ABOUT THIS TASK – A faithful transcript of all the lines below, with no pictures, is the goal here.

──────

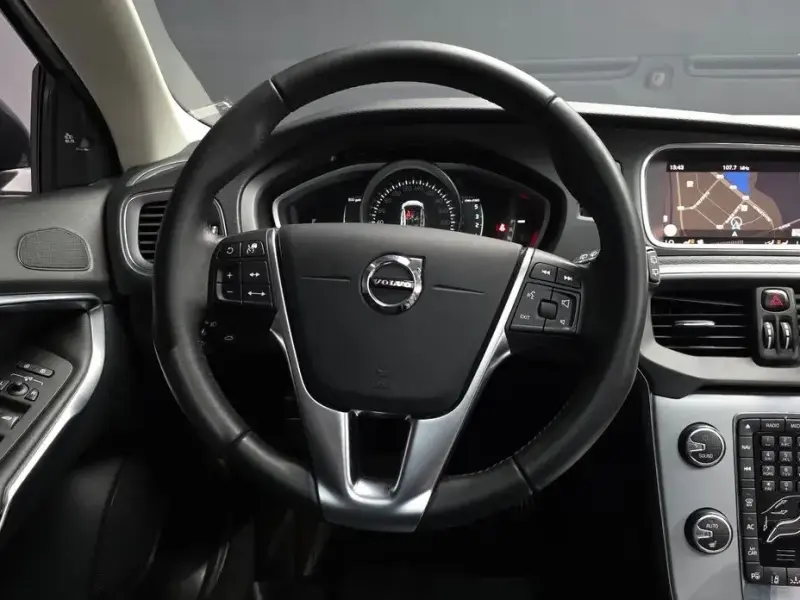 2019 Volvo V40 с пробегом 65 021 км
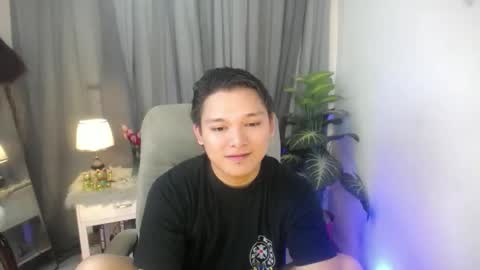 Snapshot of asian_handsomexx chatting on 11-19-25, 03:34 asian_handsomexx online show from 11-19-25, 03:34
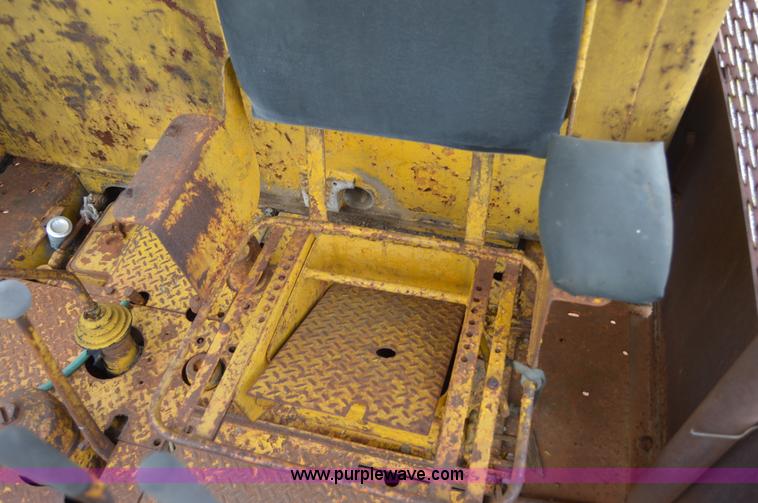 image for item I6488 1956 Caterpillar D9D dozer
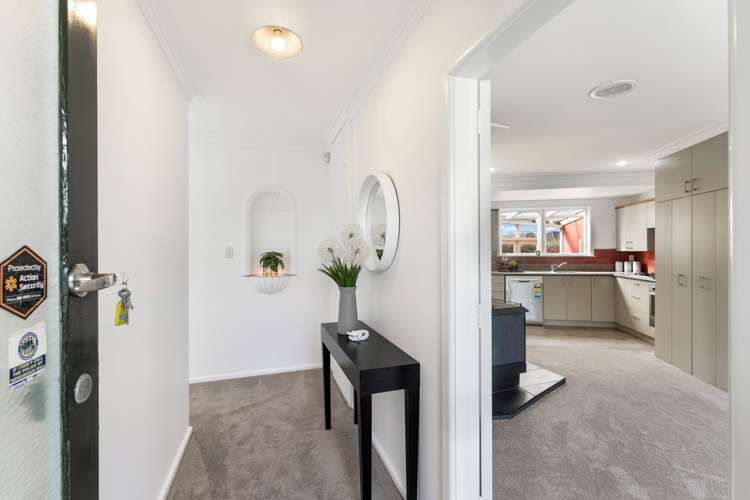 90 Teesdale Street Burnside_12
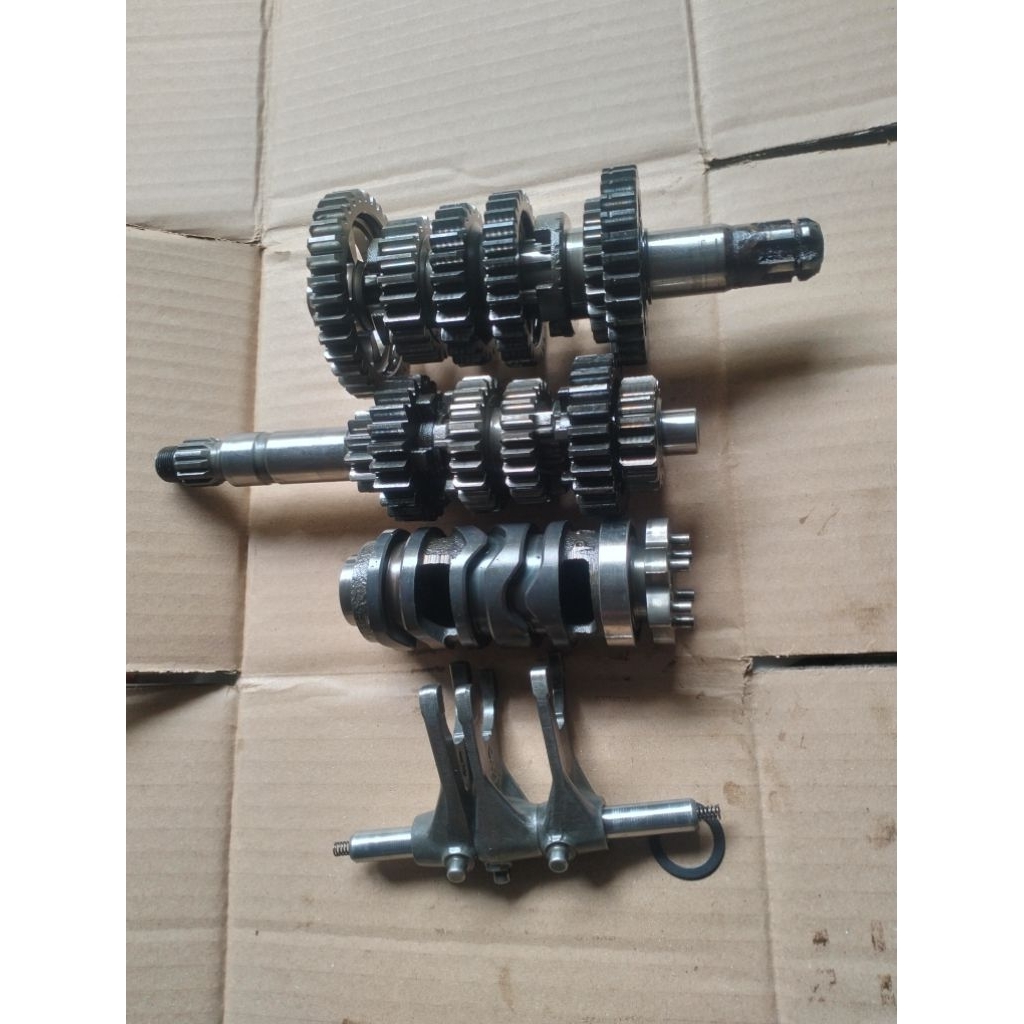 GIGI RASIO R15 V2 6SPEED ORIGINAL COPOTAN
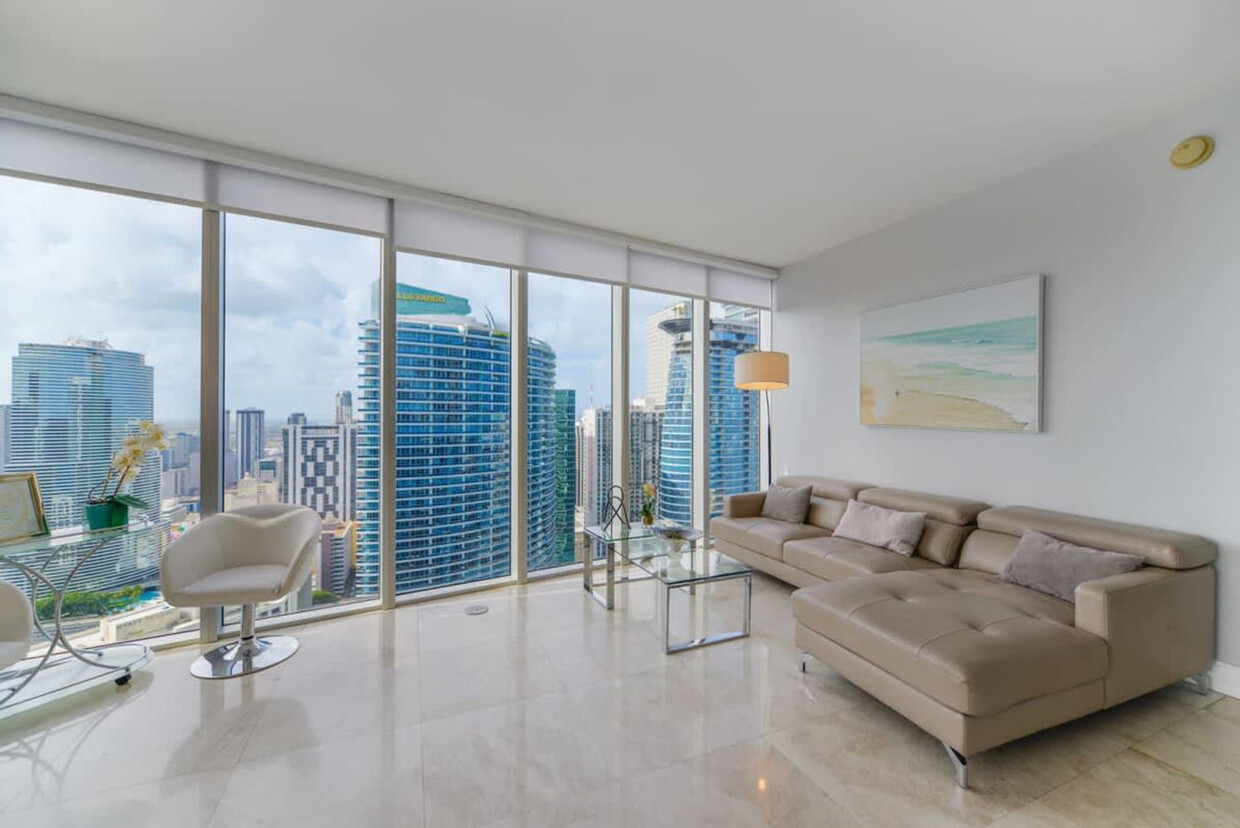 Photo - 485 Brickell Ave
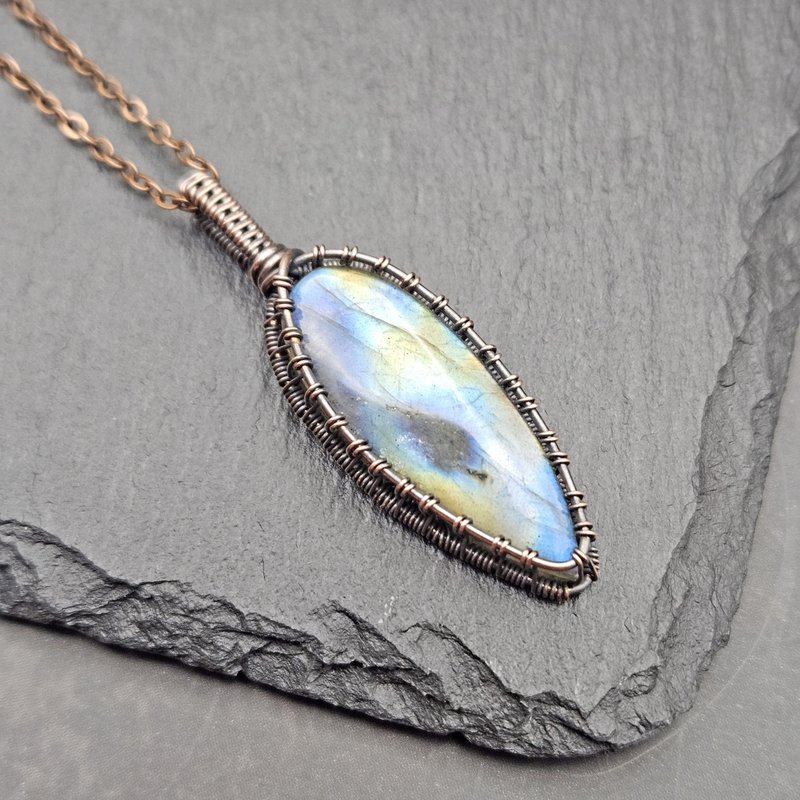 Labradorite Wire Wrapped Pendant , Copper , Oxidized - สร้อยคอ - ทองแดงทองเหลือง หลากหลายสี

──────

SOLUTION TO THIS EXERCISE –
 2019 Volvo V40 с пробегом 65 021 км
 Snapshot of asian_handsomexx chatting on 11-19-25, 03:34 asian_handsomexx online show from 11-19-25, 03:34
 image for item I6488 1956 Caterpillar D9D dozer
 90 Teesdale Street Burnside_12
 GIGI RASIO R15 V2 6SPEED ORIGINAL COPOTAN
 Photo - 485 Brickell Ave
 Labradorite Wire Wrapped Pendant , Copper , Oxidized - สร้อยคอ - ทองแดงทองเหลือง หลากหลายสี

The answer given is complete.